Available data below:
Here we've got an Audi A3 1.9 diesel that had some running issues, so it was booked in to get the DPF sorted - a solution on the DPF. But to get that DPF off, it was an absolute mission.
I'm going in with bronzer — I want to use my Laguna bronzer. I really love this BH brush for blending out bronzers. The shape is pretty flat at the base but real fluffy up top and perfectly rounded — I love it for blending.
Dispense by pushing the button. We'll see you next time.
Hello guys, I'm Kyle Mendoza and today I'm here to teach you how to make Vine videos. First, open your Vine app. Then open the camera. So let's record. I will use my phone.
End of Available data.
Available data below:
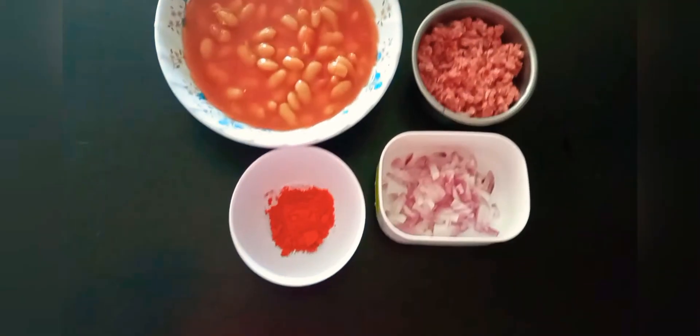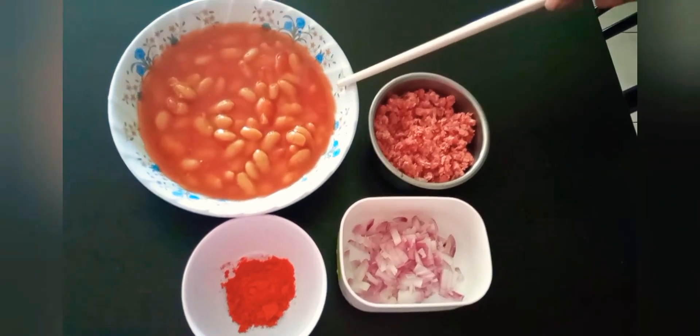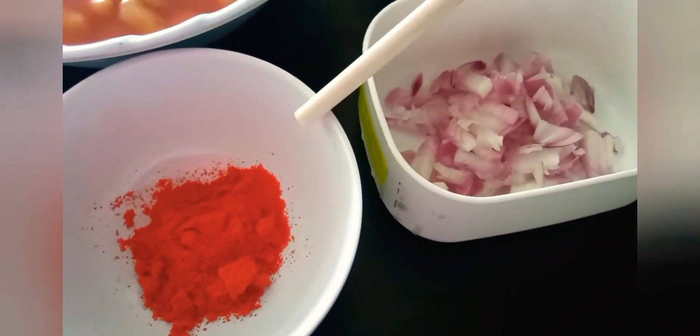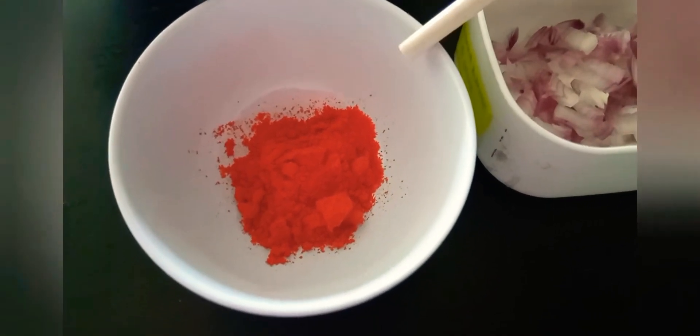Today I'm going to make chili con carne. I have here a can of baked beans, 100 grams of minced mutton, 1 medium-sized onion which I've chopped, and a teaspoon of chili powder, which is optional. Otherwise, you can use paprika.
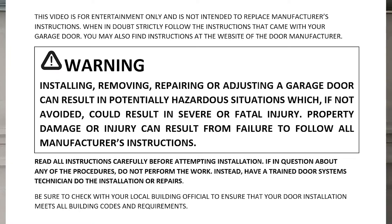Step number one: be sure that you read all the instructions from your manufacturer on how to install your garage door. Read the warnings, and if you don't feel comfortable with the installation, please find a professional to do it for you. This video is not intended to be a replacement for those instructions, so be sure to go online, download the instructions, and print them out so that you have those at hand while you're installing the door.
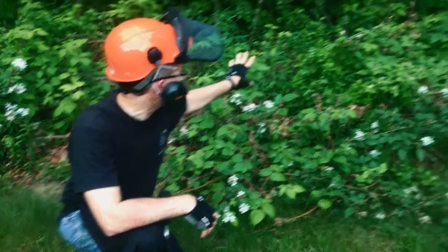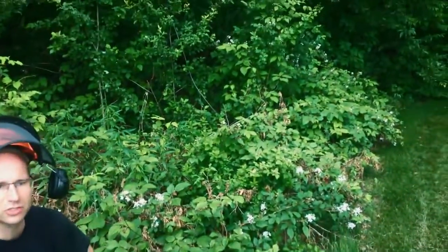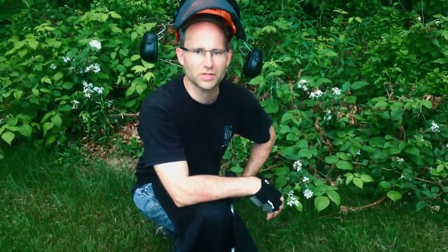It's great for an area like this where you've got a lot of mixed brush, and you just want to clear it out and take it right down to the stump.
End of Available data.
Repeat, word for word, the lines above between the line holding "I'm going in" and the line holding "Hello guys, I'm", inclusive; omit everything else.

I'm going in with bronzer — I want to use my Laguna bronzer. I really love this BH brush for blending out bronzers. The shape is pretty flat at the base but real fluffy up top and perfectly rounded — I love it for blending.
Dispense by pushing the button. We'll see you next time.
Hello guys, I'm Kyle Mendoza and today I'm here to teach you how to make Vine videos. First, open your Vine app. Then open the camera. So let's record. I will use my phone.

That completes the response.